1. an iphone that has been hacked to work outside the contract with which it was sold, read "jailbroken"

2. an iphone that is perhaps being used by someone other than the person who registered the first heartbeat or facial recognition info..

Apple intends to capture the phone location using GPS/other tech and perhaps control the device remotely if they feel its being used "unauthorized"..

i agree with people who remember 1984 after reading apple's intentions...ha.. time does come back...George Orwell.. were u too right ??
in reference to: Apple to make iPhone theft-proof - Hardware - Infotech - The Economic Times (view on Google Sidewiki)

Monday, August 2, 2010

Country General Mood using Tweets

Well, it sure is pretty fascinating to do that kind of study and come back with results as commonsensical as we see here...

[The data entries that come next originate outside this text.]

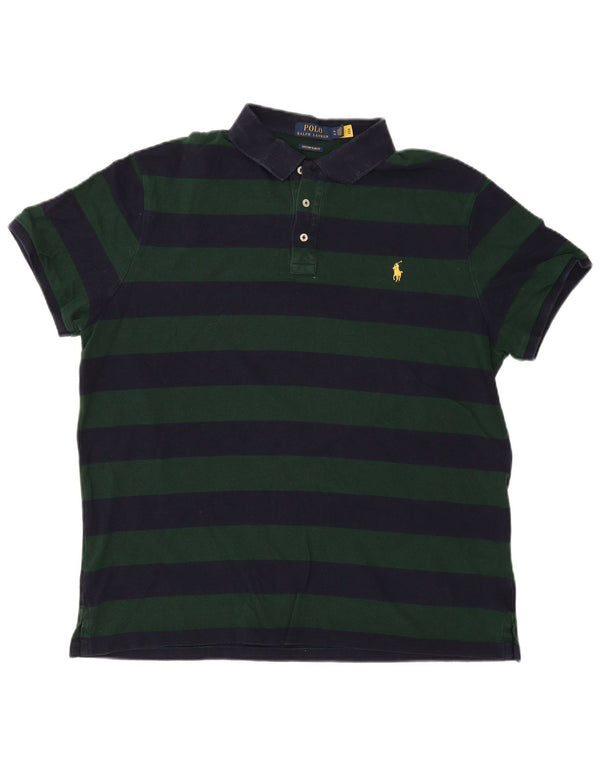 Polo Ralph Lauren da uomo slim fit personalizzata Polo XL a righe blu navy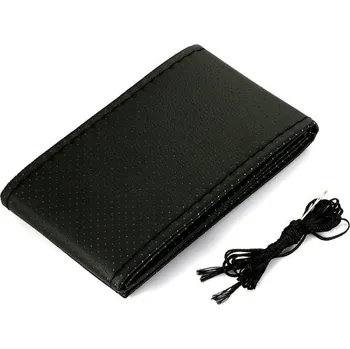 Autopotah Ručně šitý potah na volant 38 cm Umělá kůže s jehlami a nití Cop na volant Auto kryt Elegantní interiér Protiskluzový doplněk černá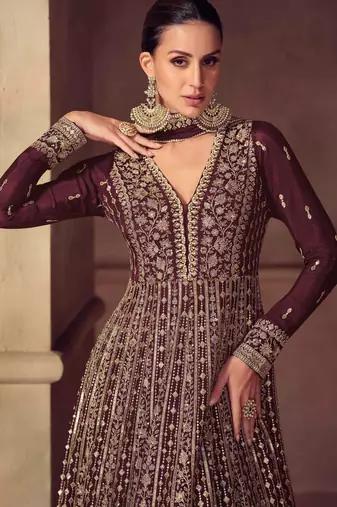 Wine zari embroidery  sequins & beads chinnon dupatta gown- full stitched free size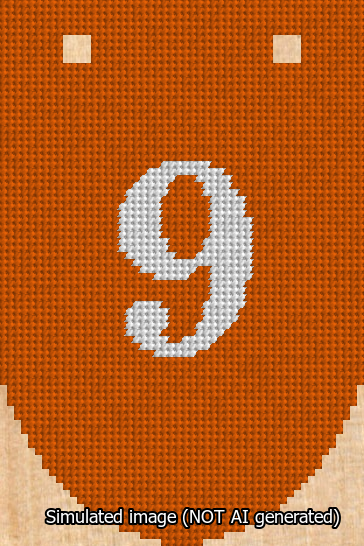 A simulated image of the stitched needlepoint design: Banner 13m Rounded 9 White on Orange. Not A.I. generated.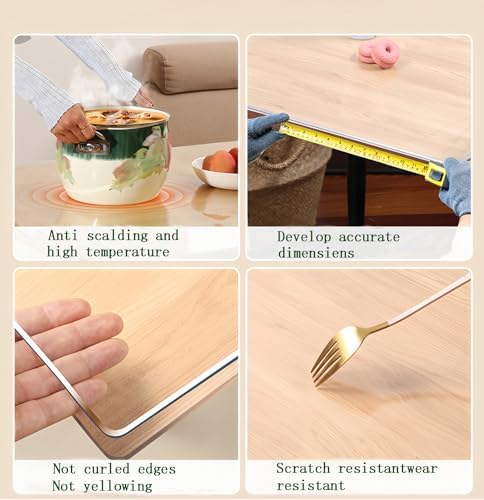 2mmPVC Clear Table Protector Plastic Table Cover,Desk Protector Mat,36"x54"Waterproof Transparent Tablecover Protectors,Writing Desk Pad for Desktop, Coffee Dining Room Tables - Image 4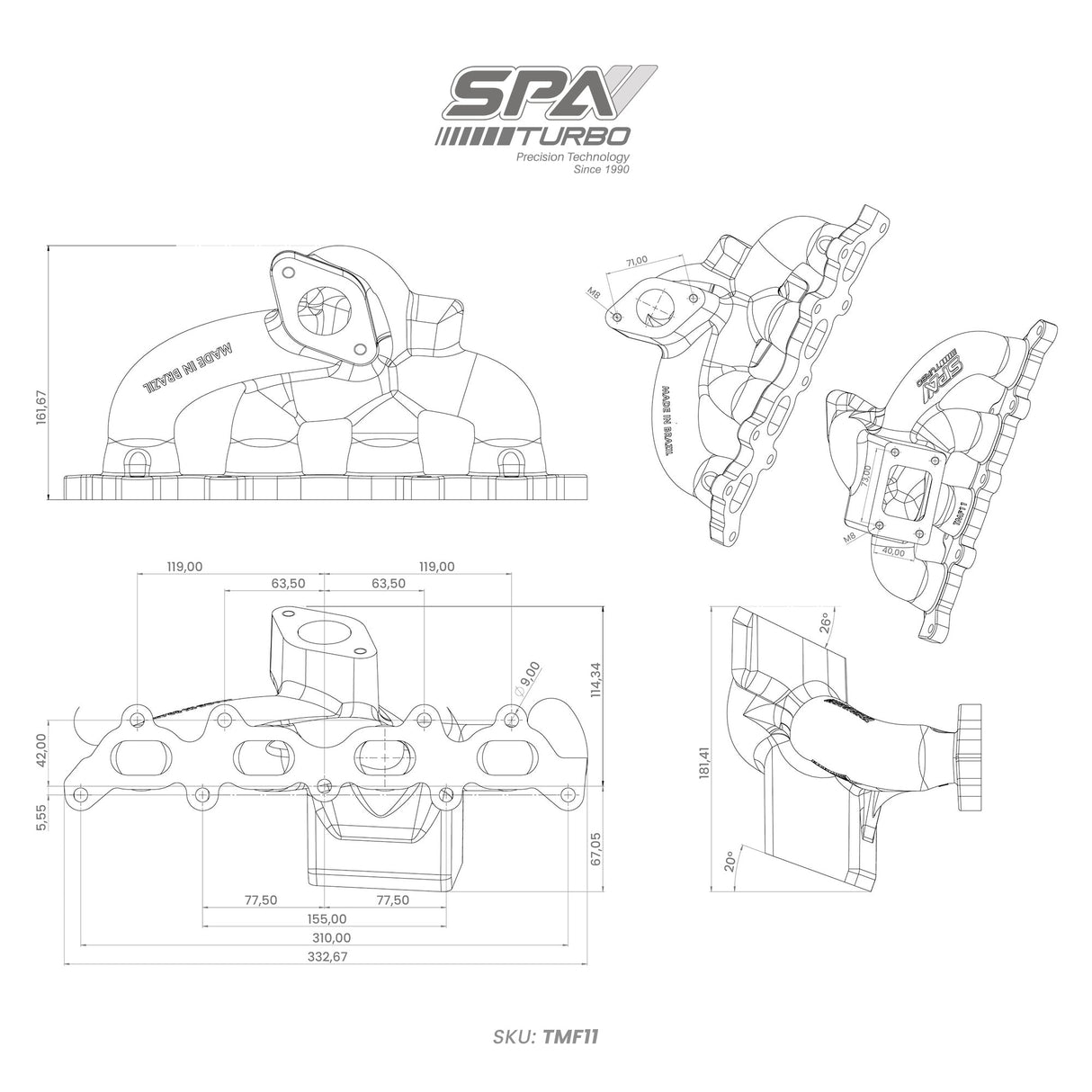For Fiat 500 1.4 16V T25 cast turbo manifold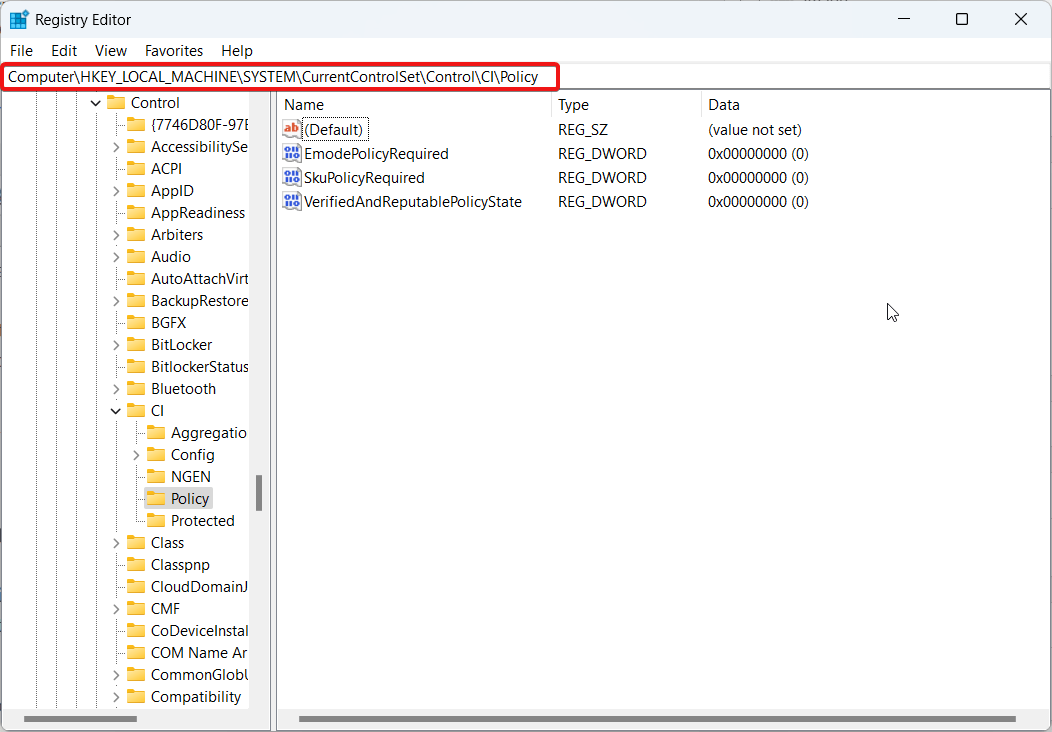 Access the following location in registry editor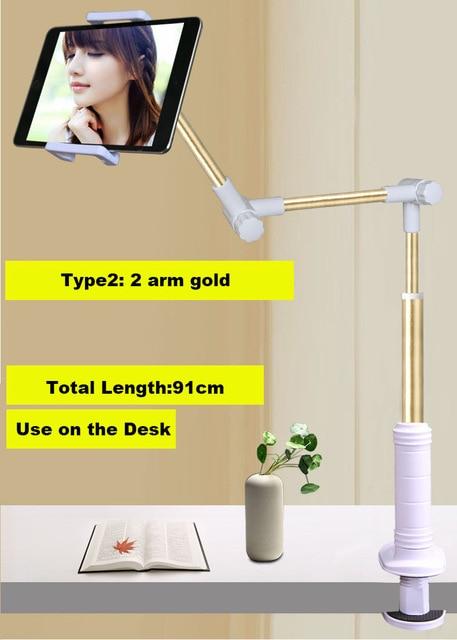 Arvin Folding Long Arm Tablet Holder Stand For IPad 4-14 Inch 360 Rotation Strong Lazy Bed Tablet Mount Bracket For IPhone X XS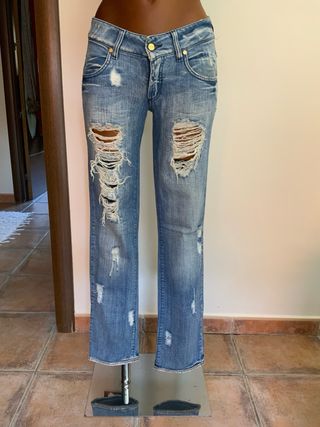 Met Jeans Vaqueros Azules Rotos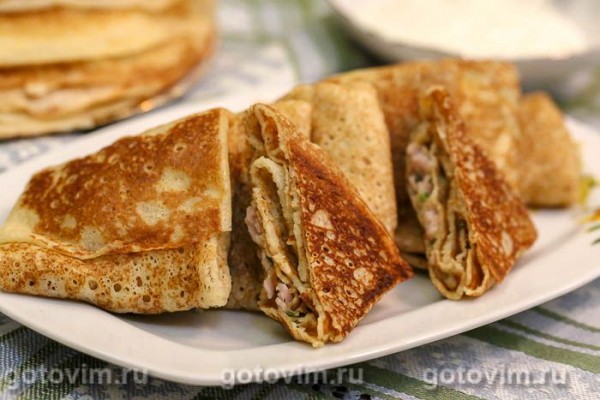 Блины с ветчиной и сыром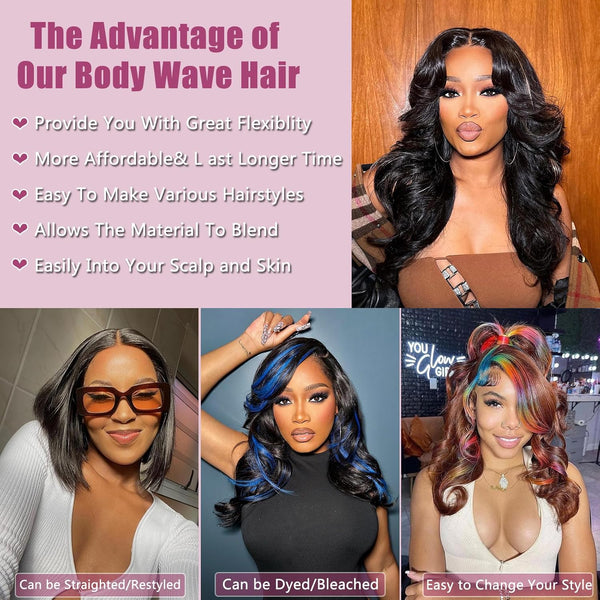 Body Wave Human Hair Bundles with Frontal (10 10 12 12+10Frontal) 12A 4 Bundles Human Hair with Closure 13X4 HD Lace Frontal 100% Unprocessed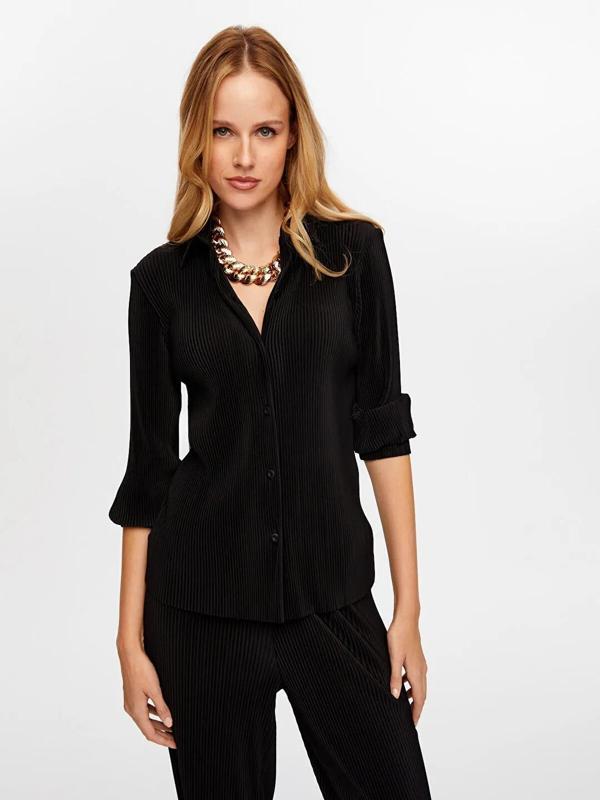 Faik Sönmez Kendinden Piliseli Kadın Uzun Kollu Gömlek W26GML005 - Image 1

I quote - (with all credits where its due, none to me...)

A group of researchers from Northeastern and Harvard universities have gathered enough data from Twitter to give us all a snapshot of how U.S. residents feel throughout a typical day or week.

Not only did they analyze the sentiments we collectively expressed in 300 million tweets over three years against a scholarly word list, these researchers also mashed up that data with information from the U.S. Census Bureau, the Google Maps API and more. What they ended up with was a fascinating visualization showing the pulse of our nation, our very moods as they fluctuate over time.

The researchers have put this information into density-preserving cartograms, maps that take the volume of tweets into account when representing land area. In other words, in areas where there are more tweets, those spots on the map will appear larger than they do in real life.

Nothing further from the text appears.